**EXERCISE:**
Pictures excluded, retype the lines from the one containing "Tus003 - Villa" through the last line of the data below, both included.

**Extracted records:**
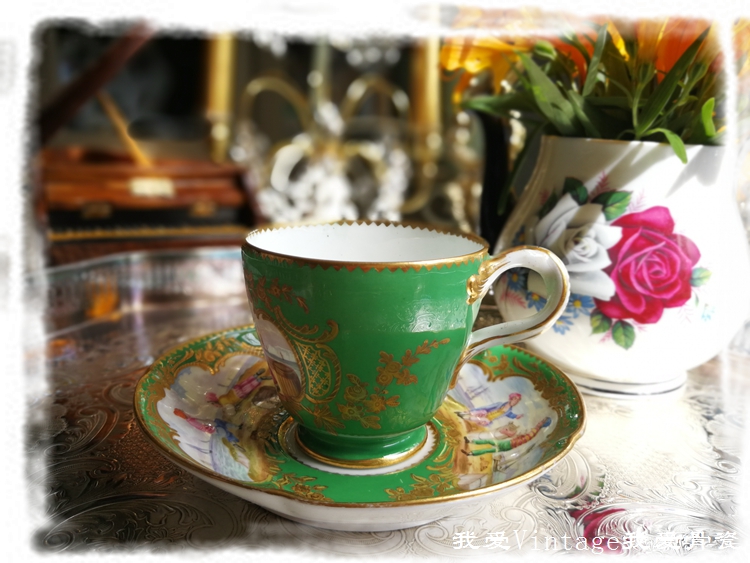 (Exited in the UK) 1840s Minton green background gilt hand-painted sailor pattern tea set two pieces
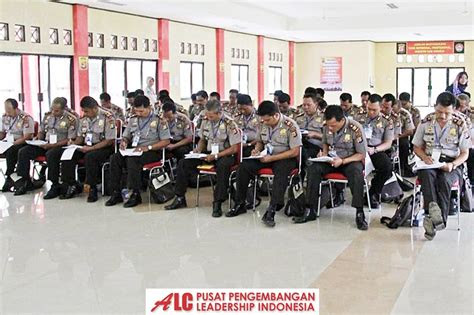 motivasi kapolsek banten bersama alc ainy leadership center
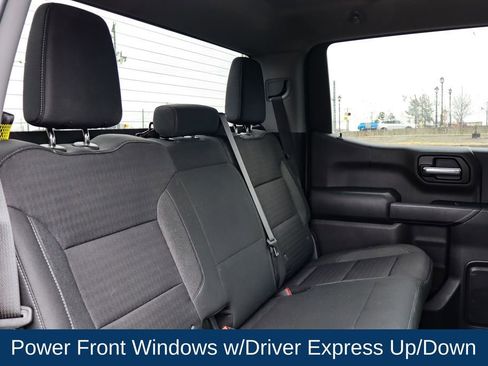 Used 2023 Chevrolet Silverado 1500 Custom image 16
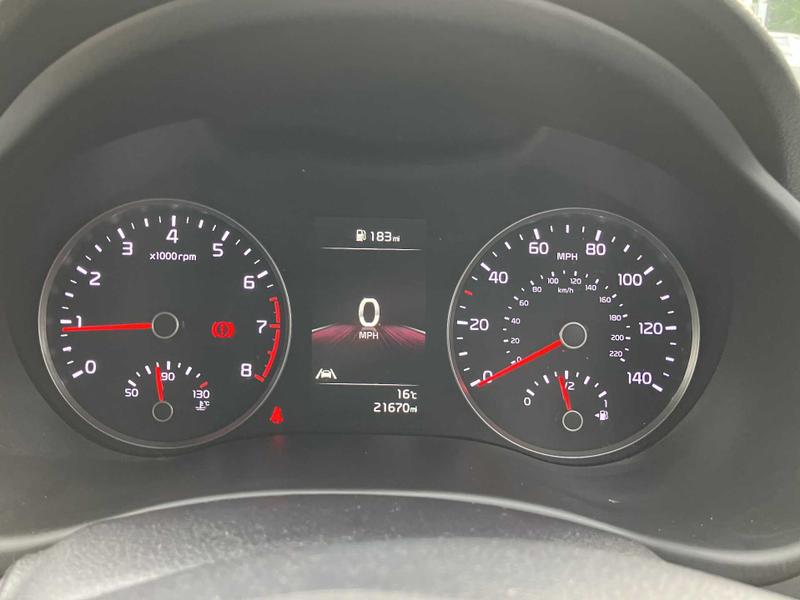 Used Kia Stonic 2023 for sale - 76056132: Photo 32
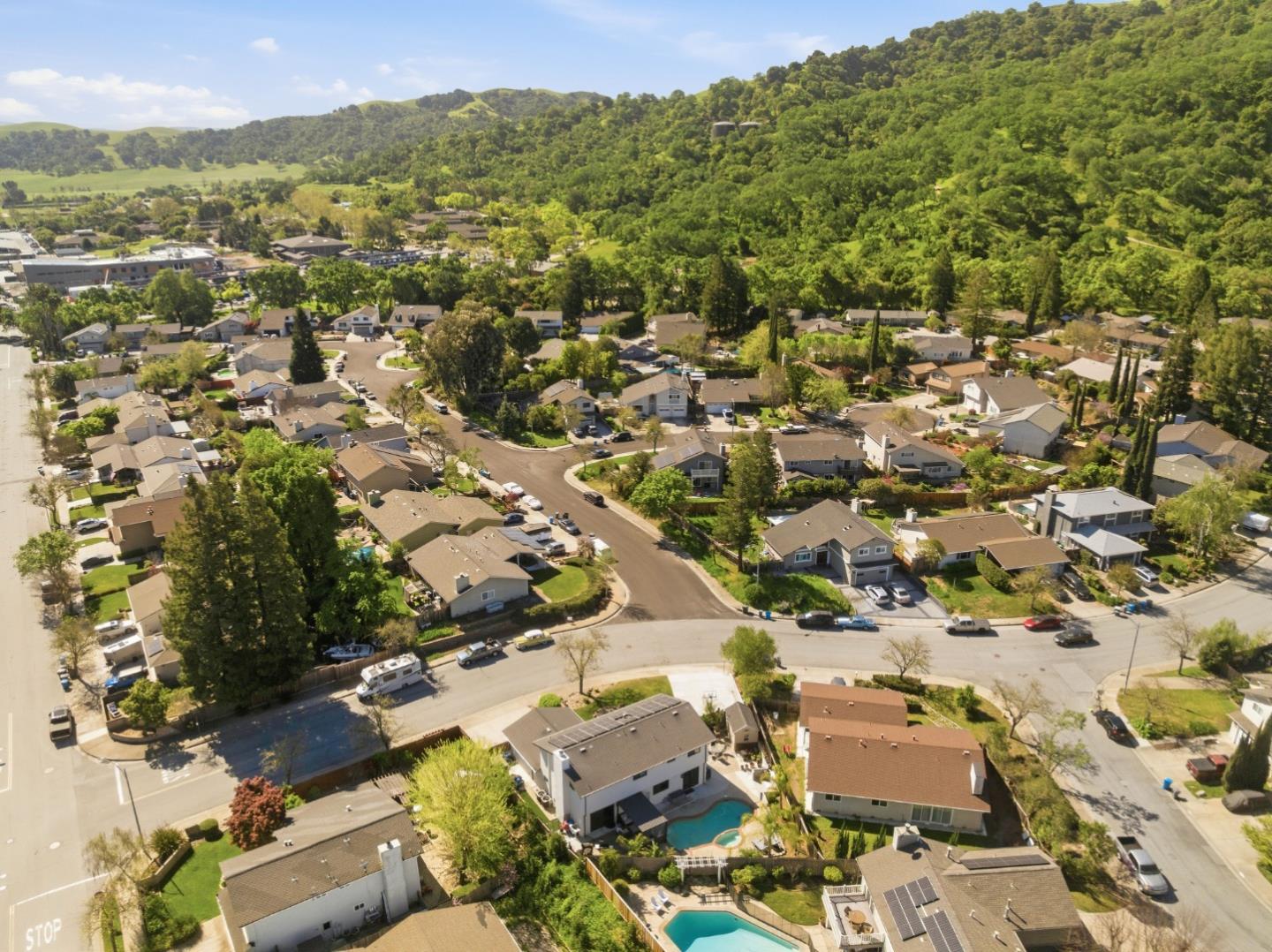 Detail Gallery Image 43 of 45 For 713 Carignane Dr, Gilroy,  CA 95020 - 4 Beds | 2/1 Baths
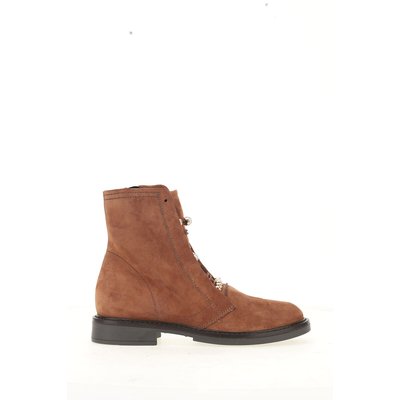 Bottines en cuir suède, bijoux fantaisie devant MJUS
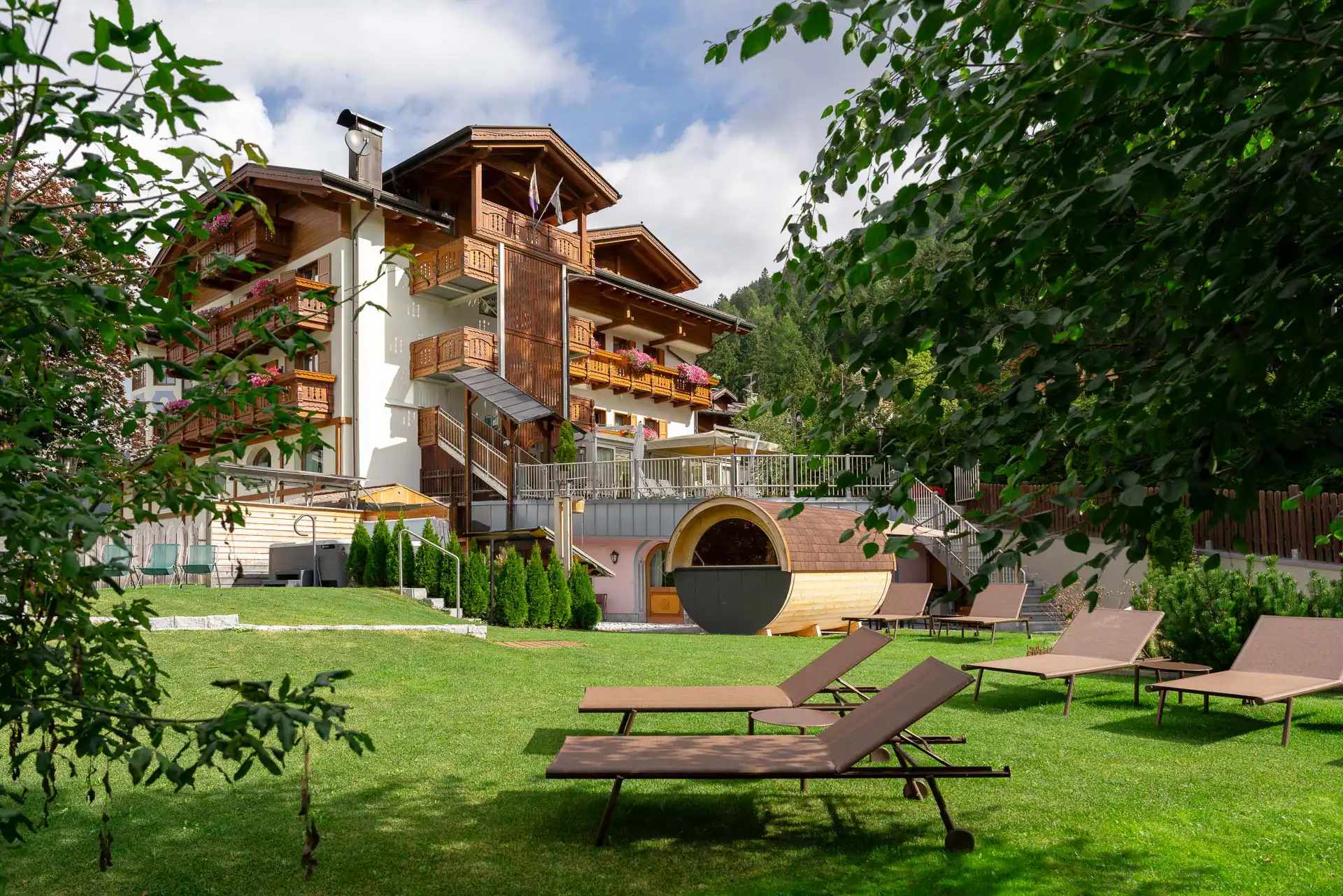 Hotel Gianna — Alloggio a Madonna di Campiglio, Trento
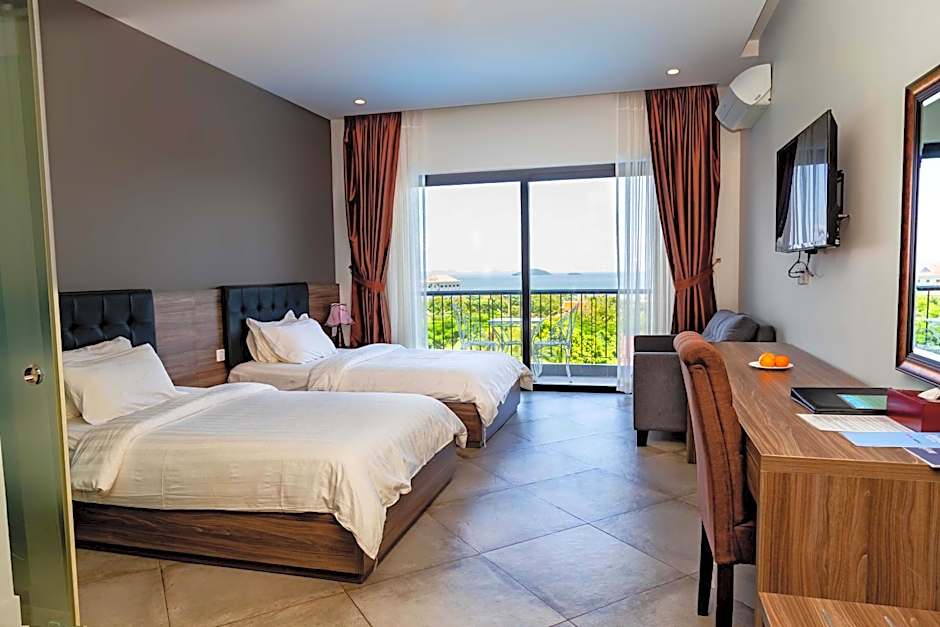 Photo 1 of 5 of Deluxe 2 Beds, Sea View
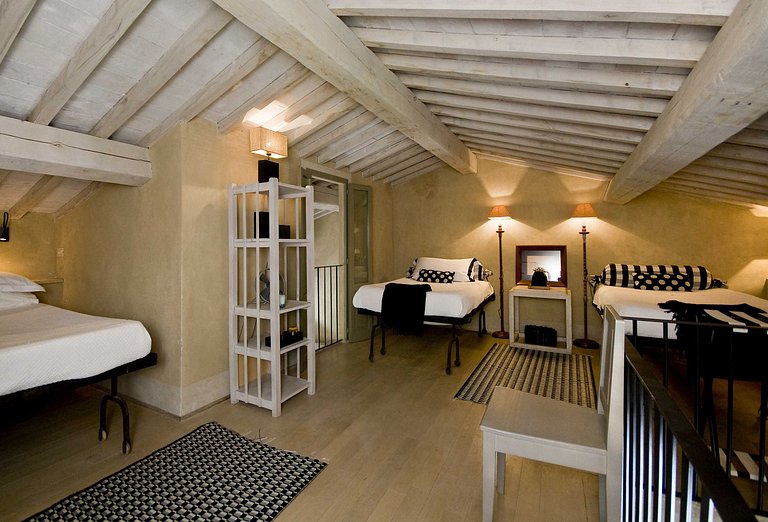 Tus003 - Villa surrounded by rolling hills, Tuscany
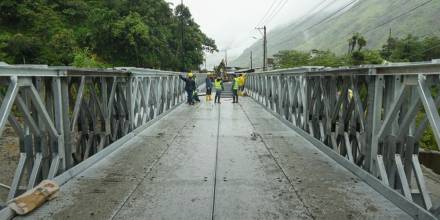 La vía Baños-Puyo se habilitó tras instalación del puente Bailey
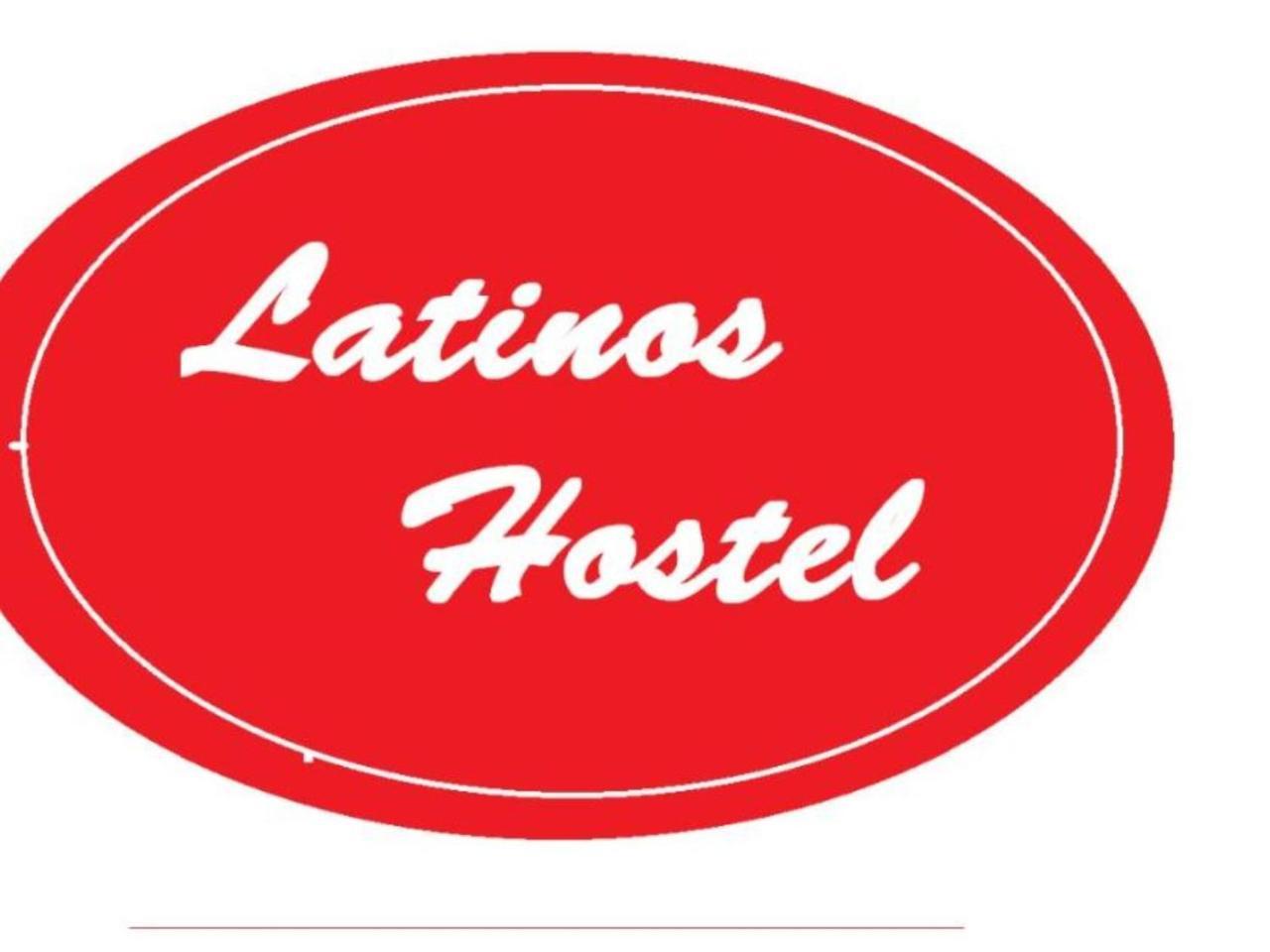 Latinos Hostel Siem Reap Bagian luar foto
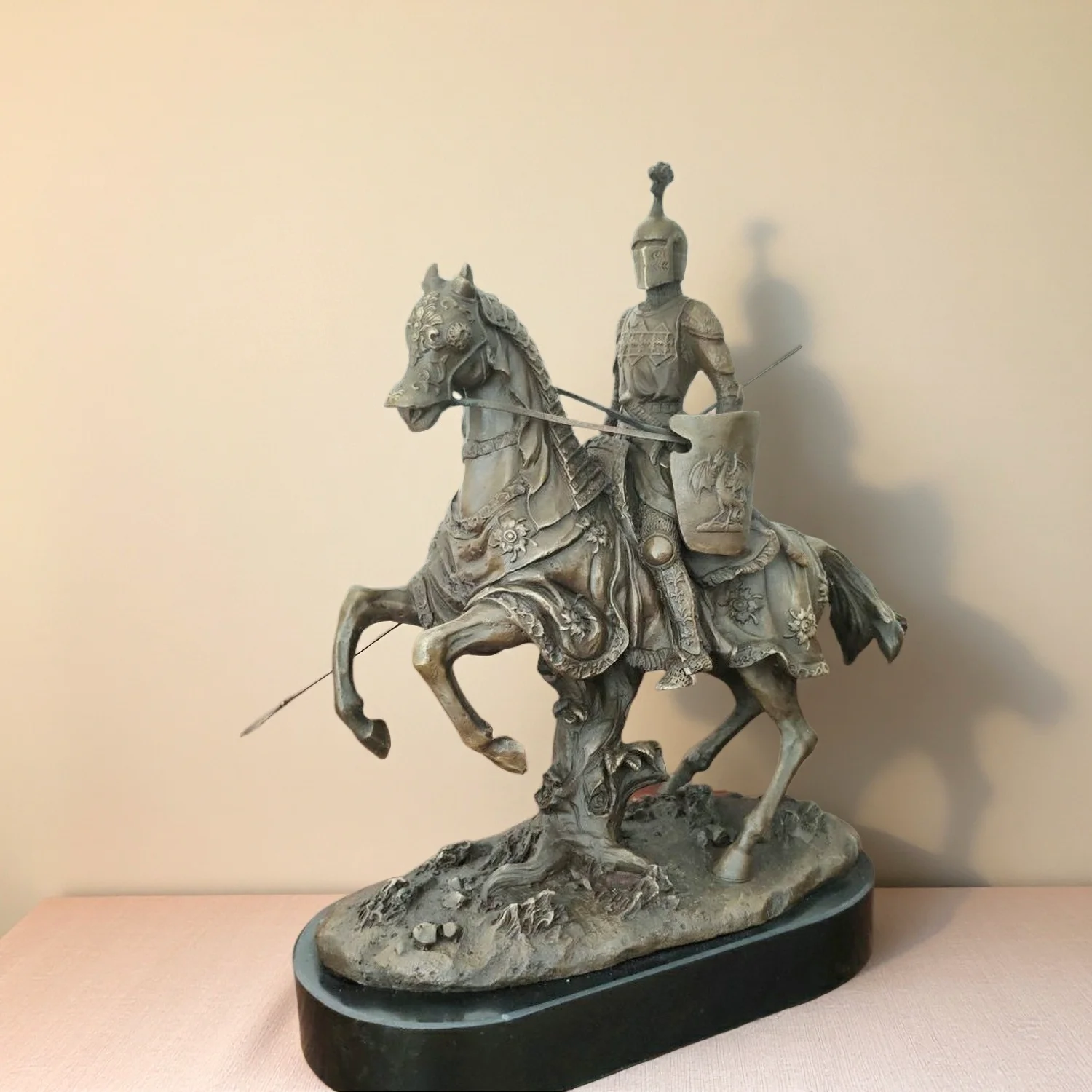 Escultura de arte de bronce, guerrero de caballero vikingo occidental, estatua de bronce, gran escultura vikingo en caballo para adorno de decoración del hogar y Hotel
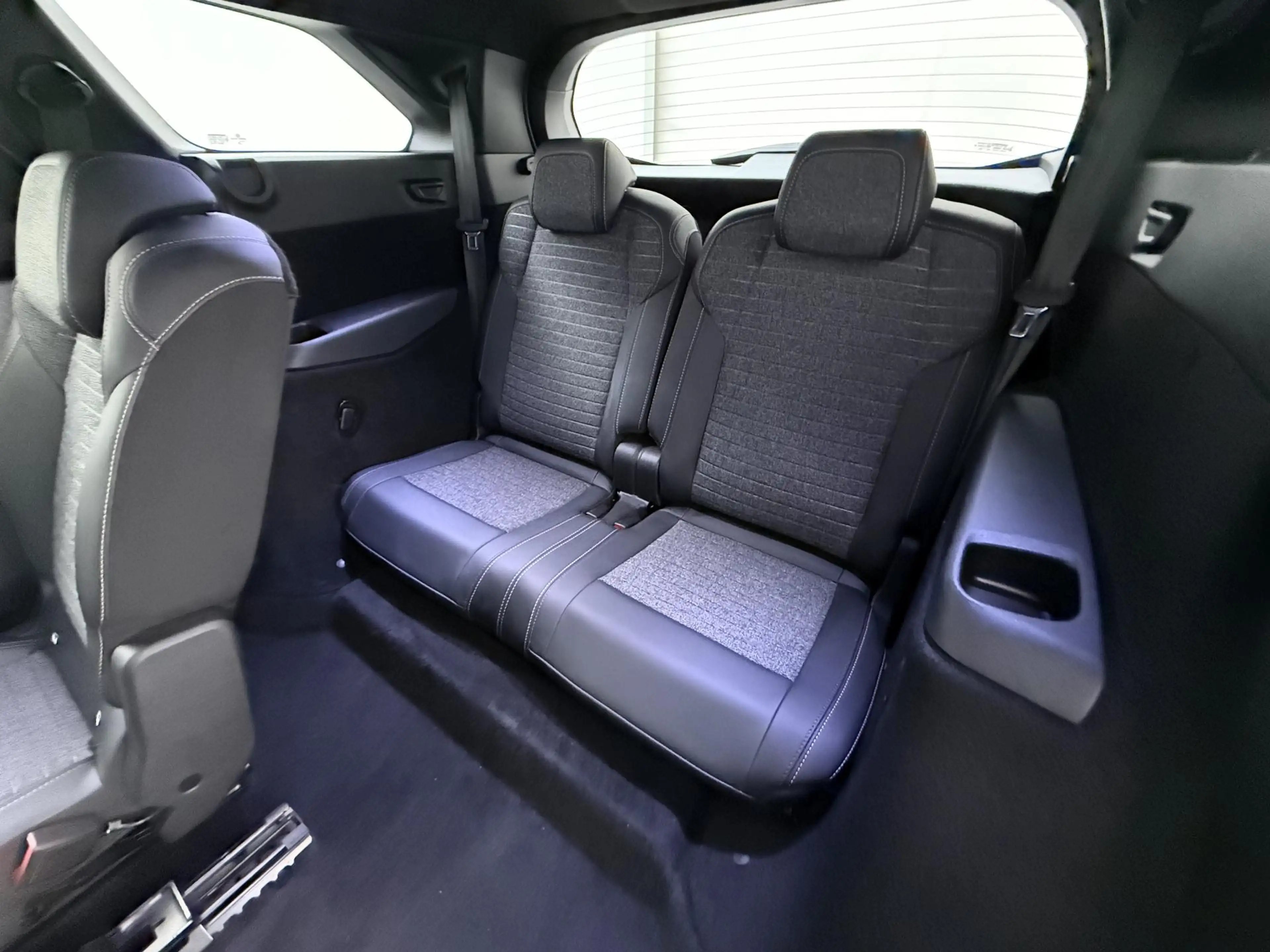 Peugeot 5008 SUV Allure 145pk Hybrid Automaat | 7 zitplaatsen | — photo 9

**EXERCISE SOLUTION:**
 Tus003 - Villa surrounded by rolling hills, Tuscany
 La vía Baños-Puyo se habilitó tras instalación del puente Bailey
 Latinos Hostel Siem Reap Bagian luar foto
 Escultura de arte de bronce, guerrero de caballero vikingo occidental, estatua de bronce, gran escultura vikingo en caballo para adorno de decoración del hogar y Hotel
 Peugeot 5008 SUV Allure 145pk Hybrid Automaat | 7 zitplaatsen | — photo 9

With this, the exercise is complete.